According to the survey, most everyone has seen labor costs rise in a blend of turnover expenses and higher wages to get and retain workers. Still, half of respondents said they had turnover rates of 50 percent or more across employee and manager roles. 

Nearly half—45 percent of responding restaurants—saw labor costs rise between 3 and 9 percent in the past 12 months. One quarter saw labor costs increase between 9 and 15 percent. And 12 percent saw labor costs rise by more than 15 percent in the last 12 months—ouch. 

The way operators are responding is all over the place, but the majority (64 percent) reduced employee hours. Less than half (43 percent) eliminated positions outright.
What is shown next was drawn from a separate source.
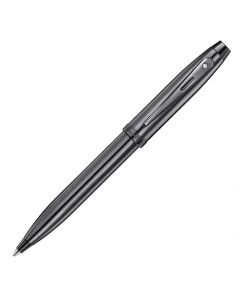Sheaffer 100 Ionic Gris Gunmetal avec garnitures en PVD brillant Stylo à bille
Some 27 percent eliminated ancillary positions and 26 percent deployed new labor-saving technology. A sliver (6 percent) said they started a commissary to push labor costs upstream from their restaurants. And 9 percent of operators cited labor pressure as a reason they closed an entire location. 

Nearly everyone raised wages; 88 percent of respondents said they raised wages for non-minimum wage employees. And 56 percent of respondents said non-minimum employees a raise of 5 to 15 percent. 

To cover the costs of higher wages and other employment costs, 71 percent of operators who responded raised menu prices. Almost half, or 45 percent, reworked food and beverage offerings, tweaking portions sizes or 86ing underperforming or overly complex dishes. Wingstop for instance, recently stopped selling potato salad, coleslaw and baked beans, pushing loaded fries instead. The fries sell better, and without the additional items the company cut nearly five hours of prep time from each day at each restaurant. 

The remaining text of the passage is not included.